What Is a Mainshock in an Earthquake Sequence?

Earthquakes rarely occur as isolated incidents, instead manifesting as a series of tremors clustered in time and space. Seismologists classify individual earthquakes within a cluster based on their size relative to one another. The term “mainshock” is central to this classification system, providing a framework for analyzing the sequence of rupture events along a fault zone. Understanding the mainshock allows scientists to map the distribution of stress release and the resulting adjustments of the Earth’s crust.

What Defines the Main Event

The mainshock is defined as the single largest earthquake within an entire seismic sequence, with its size determined by its magnitude. Seismologists rely on the Moment Magnitude (\(M_W\)) scale, which provides a more accurate measure of the total energy released by the event than older scales. This magnitude is calculated from the seismic moment (\(M_0\)), which accounts for the physical properties of the rupture, including the area of the fault that slipped, the average distance of that slip, and the rigidity of the rock.
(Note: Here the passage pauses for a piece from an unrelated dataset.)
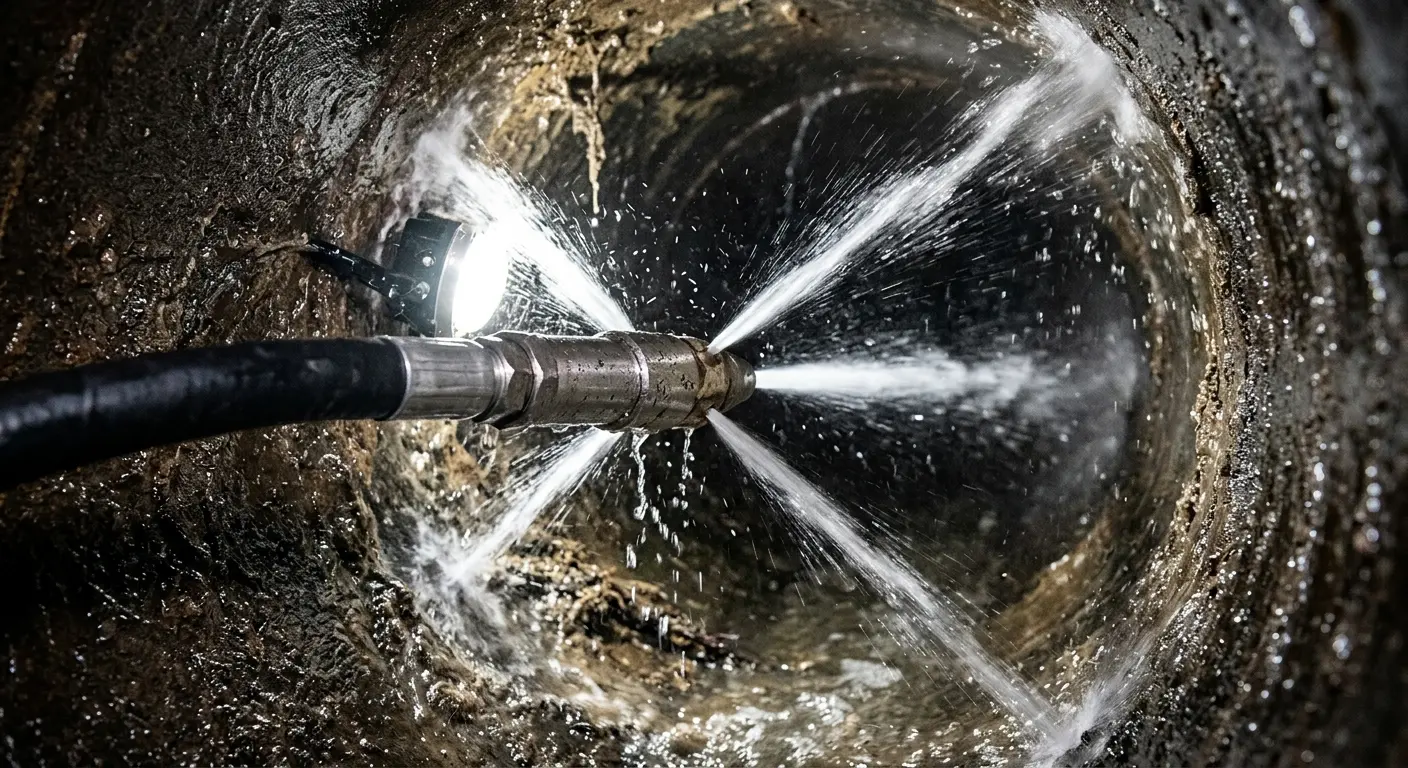 High-pressure hydro jetting nozzle cleaning sewer pipe for Storm Drain Cleaning in Canton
The mainshock releases the vast majority of the total stored elastic strain energy of the entire sequence. In a typical sequence, the mainshock alone can account for nearly 97% of the total energy radiated as seismic waves. Because a whole number increase in magnitude represents a 32-fold increase in energy release, the largest event dominates the sequence’s energy budget.

Placing the Mainshock in the Earthquake Sequence

The mainshock temporally divides an earthquake cluster into two parts: the foreshock period and the aftershock period. Foreshocks are smaller earthquakes that precede the mainshock, occurring in the same localized area and sharing a spatial and temporal connection to the larger event. Not all mainshocks are preceded by these smaller tremors. When foreshocks do occur, they are considered part of a preparatory process leading to the primary rupture.

The mainshock is followed by a series of aftershocks, which are smaller earthquakes occurring in the same general region of the main rupture. Aftershocks represent the Earth’s crust adjusting to the stress changes caused by the primary fault slip. The frequency and magnitude of these aftershocks decrease systematically over time, a pattern known as Omori’s Law. Aftershocks typically occur within one to two fault lengths of the mainshock rupture and can continue for days, months, or even years.

Determining the Sequence After the Event

The classification of an earthquake as a mainshock is often a retrospective designation, meaning it cannot be definitively identified in real-time. An earthquake is only confirmed as a mainshock after scientists have recorded the subsequent seismic activity and confirmed that no larger event followed it within the defined spatial and temporal window. What is initially reported as a mainshock could potentially be reclassified as a foreshock if a larger tremor occurs later.

Sometimes, an earthquake sequence involves two events of very similar magnitude, which seismologists refer to as a “doublet.” Doublets consist of two mainshocks that occur close in time and space, often with magnitudes within 0.4 to 1.0 unit of each other. In these cases, both events are classified as mainshocks because the second event is too large to be considered a typical aftershock. The identification process is therefore statistical, relying on comparing the magnitudes of all events in the cluster to determine the largest one.